During this time, Sadek was engaged to soap opera actress Nadia Bjorlin. Using his subprime lending firm as his source of funding, he produced the film Redline to show off his car collection and help Bjorlin break out of the soap opera scene.

==Enzo crash incident==
In March 2007, Eddie Griffin participated in a charity race at Irwindale Speedway to promote the film, using an Enzo owned by Sadek. During a practice run, Griffin lost control of the Enzo and crashed into a concrete barrier. He walked away unharmed, but the US$1.5 million supercar was badly damaged. Griffin went on to lash out at reporters who claimed the crash was a publicity stunt.

==Box office ==
The film opened at #11 at the U.S. box office, grossing US$3.9 million in 1,607 theaters in its opening weekend. The budget of the film was US$26 million and after six weeks in theaters, the film grossed US$6.8 million in North America. Furthermore, Cartoon Network sued Sadek for failing to pay the US$845,000 advertising fee.

==Reception==
The film was not screened for critics before it opened, but critical reviews after its premiere were unanimously negative.

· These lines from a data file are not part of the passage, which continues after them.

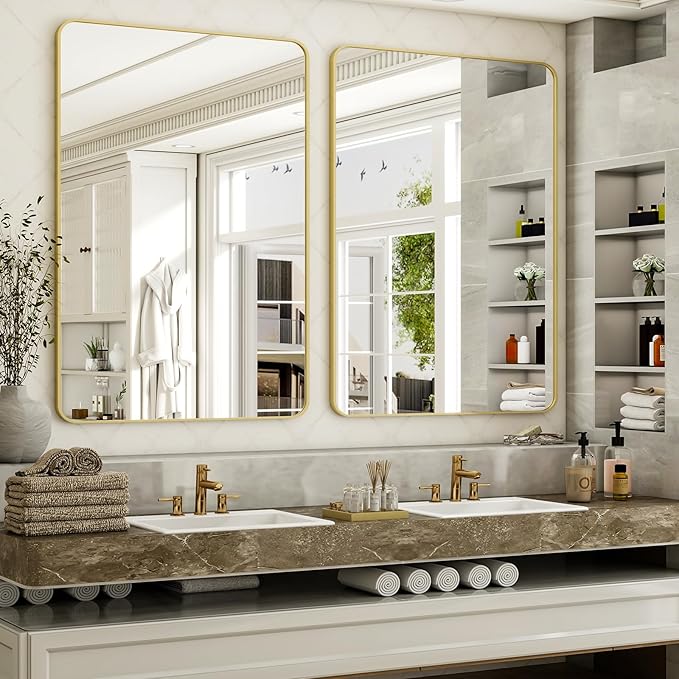 30 x 48 Inch Bathroom Mirror, Rounded Rectangular Vanity Mirror for Wall, Modern Mirror for Room Decor, Gold Framed Wall-Mounted Mirrors for Home Decor, Hangs Horizontally or Vertically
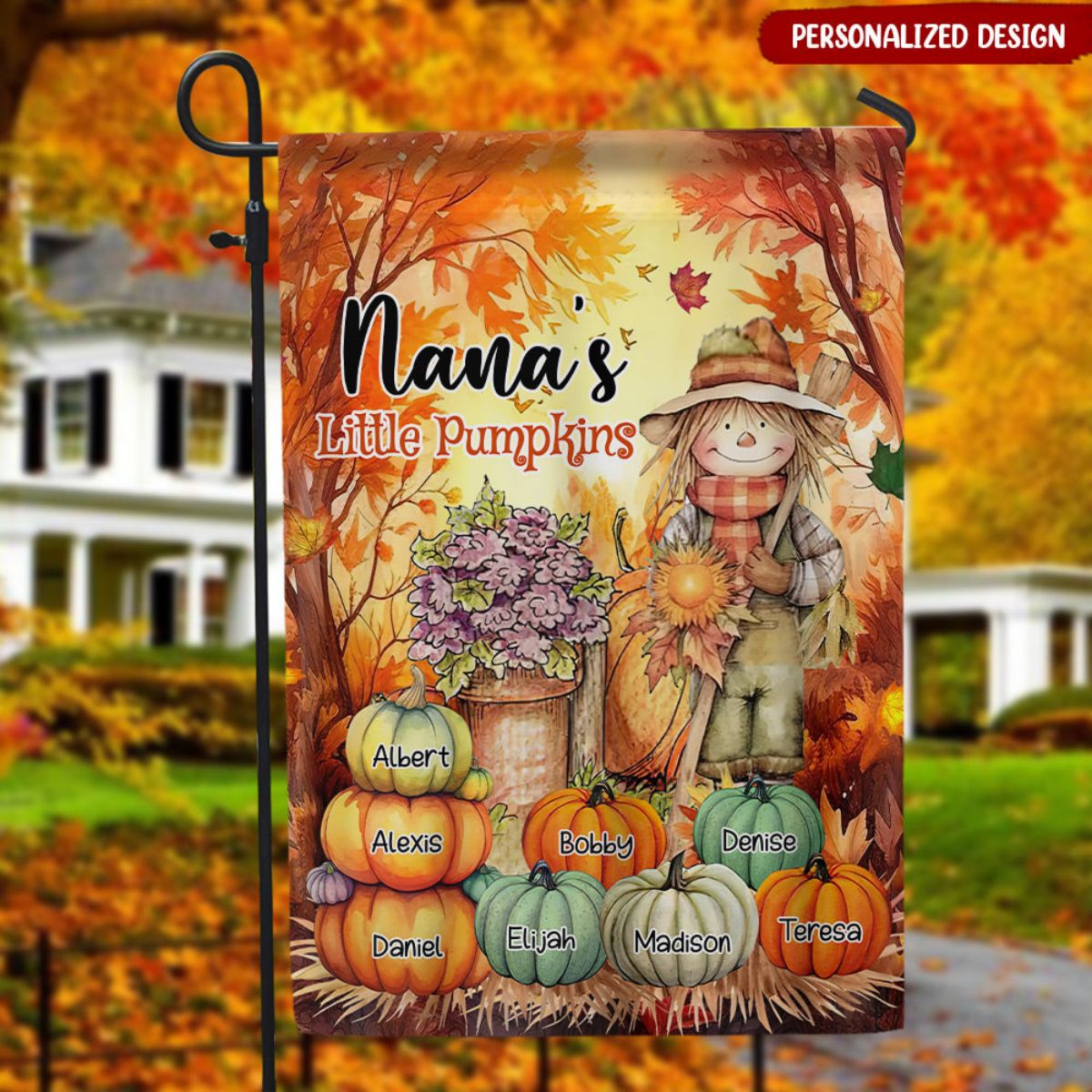 Grandma, Mom Little Pumpkins Scarecrow With Pumpkins Personalized Flag
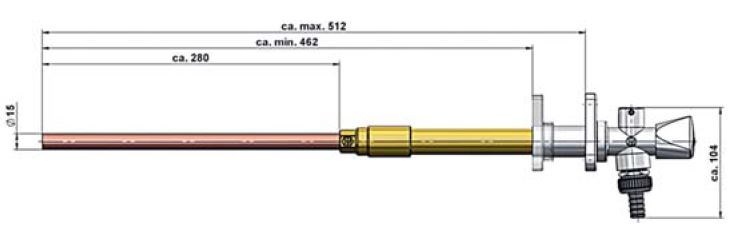 Protizámrzový ventil FROST-TEC EASY 1/2", 240-512mm, výtokový, voda, mosadz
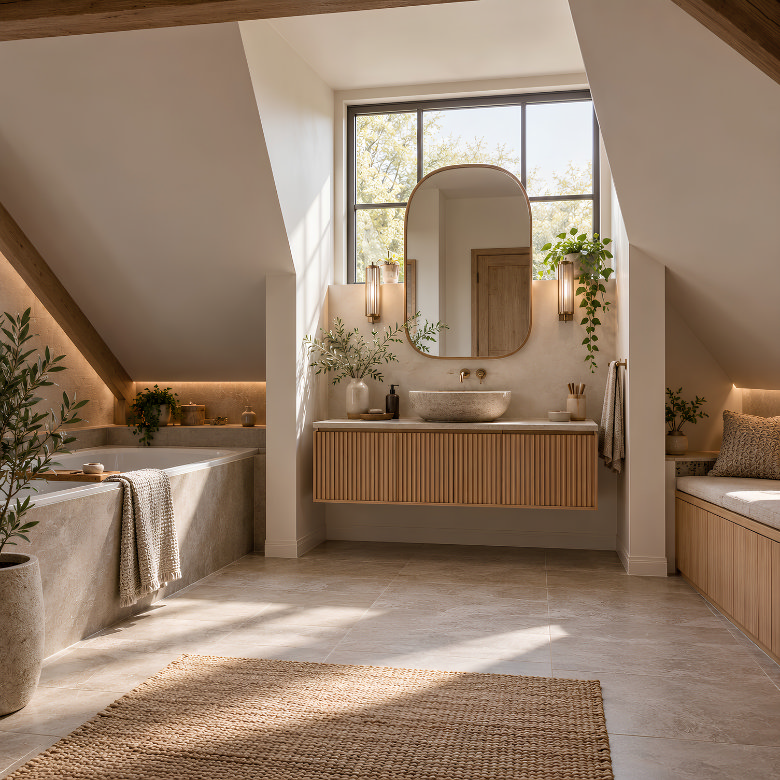 Loft bathroom with a dormer window creating extra headroom and space for a vanity unit beneath the pitched roof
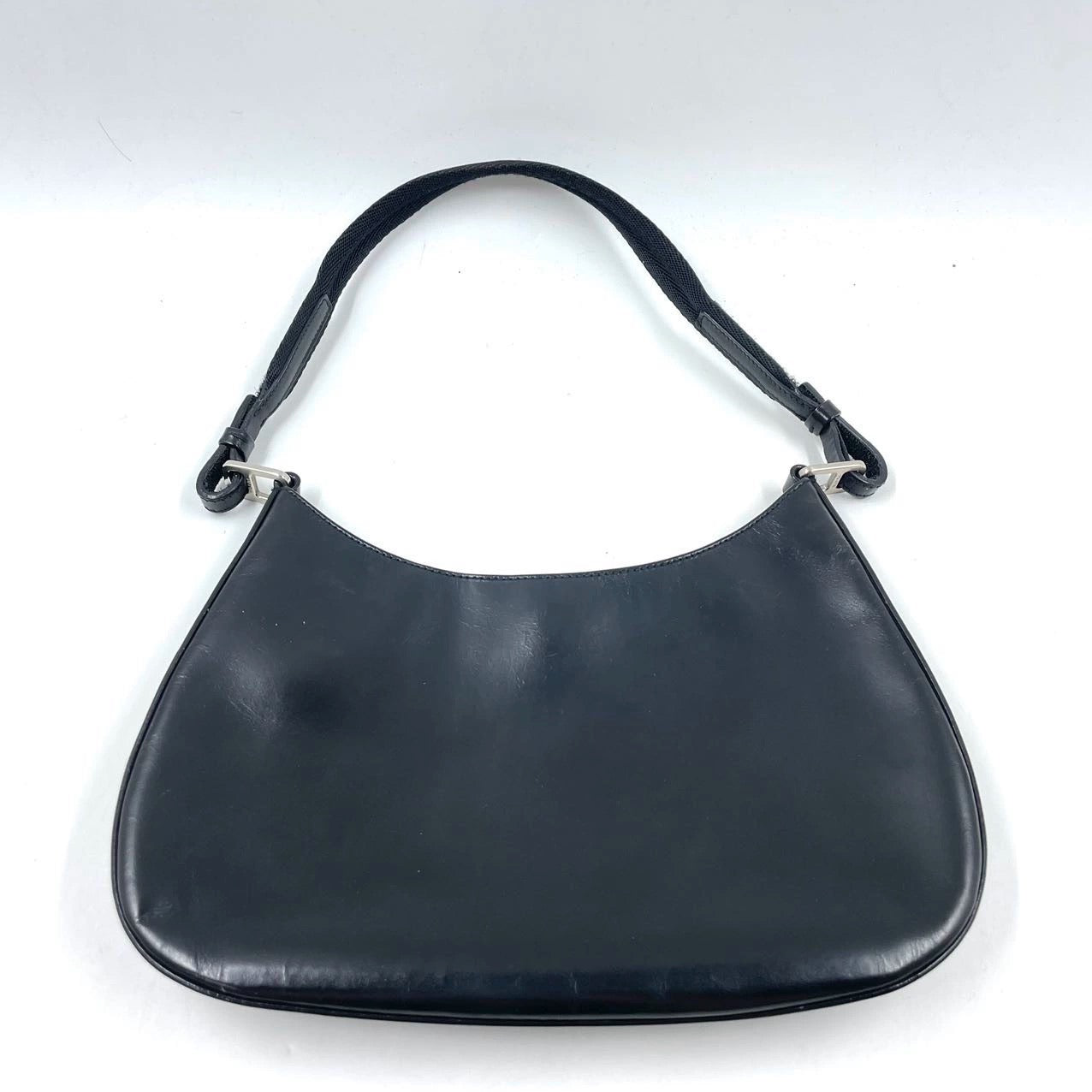 Prada Cleo Vintage Black Leather Silver Hardware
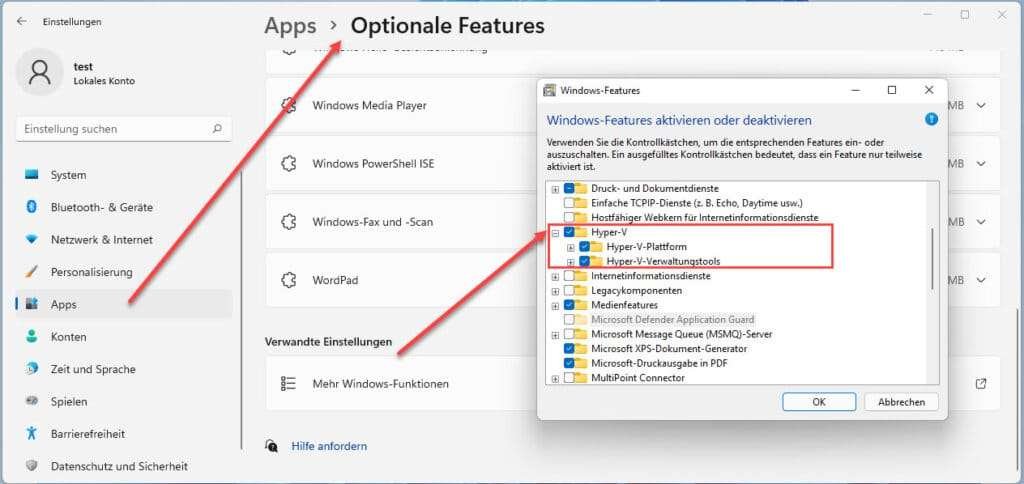Wie installiert man Hyper-V in Windows 11 15 Windows 11 Hyper V über Die Einstellungen Installieren
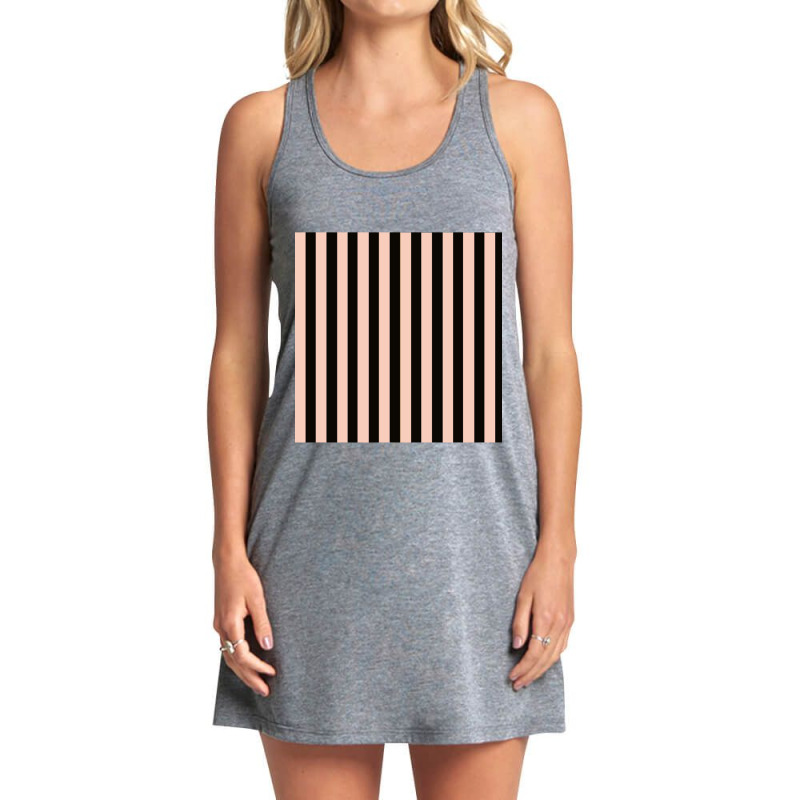 Light Pink And Black Vertical Stripes Pattern Design Tank Dress by ULISESMORENO | Artistshot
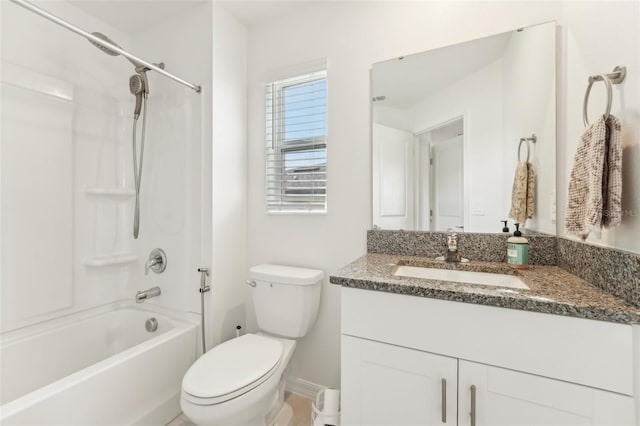 full bathroom featuring toilet, vanity, and bathtub / shower combination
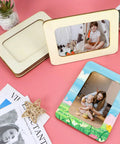 15-Pack Unfinished Wooden Picture Frames For 4X6 Photos, Hella Cool Blank DIY Craft Supplies, Sturdy Standing Wood Frames capturing decorated frames with photos on a pink background.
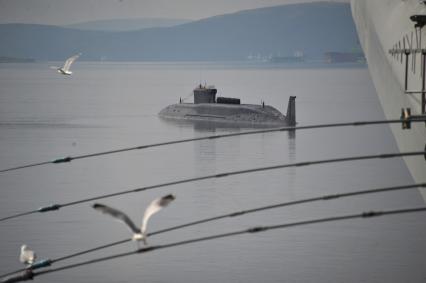 Североморск. Военно-морской парад в День ВМФ РФ. На снимке: подводная лодка.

Metacritic, which uses a weighted average, assigned the film a score of 24 out of 100, based on 12 critics, indicating "generally unfavorable" reviews.

Jalopnik ranked the film number one on their list of The 12 Worst Car Movies of All Time.

==Home media==
Redline was released on DVD by The Weinstein Company on August 21, 2007. Christopher Monfette of IGN gave the DVD an overall rating of 5 out of 10, citing that it gives "more of the same; none of the new." The film has also been released on Blu-ray outside the U.S.

==Legacy==
In the CNBC special House of Cards, the crashing of two US$500,000 cars for a single scene is cited as a direct example of the excess of the pre-crash subprime loan market in the mid-2000s. Quick Loan Funding had long since crumbled following the film's release, and the expected profits from the film were heavily borrowed against. The film's failure further worsened the situation. Following the demise of his company, Sadek lost his escrow and lending licenses over issues of him withdrawing millions from his corporate accounts to gamble in Vegas. Aside from over a dozen cases revolving Quick Loan Funding, he was sued by Bellagio and Wells Fargo over unpaid debts and repeated cash advances done at gambling resorts worldwide. He declared bankruptcy in 2009.

Vanity Fair listed Sadek at number 86 in their "100 to Blame" for the economic crisis, dubbing him "Predator Zero in the subprime-mortgage game."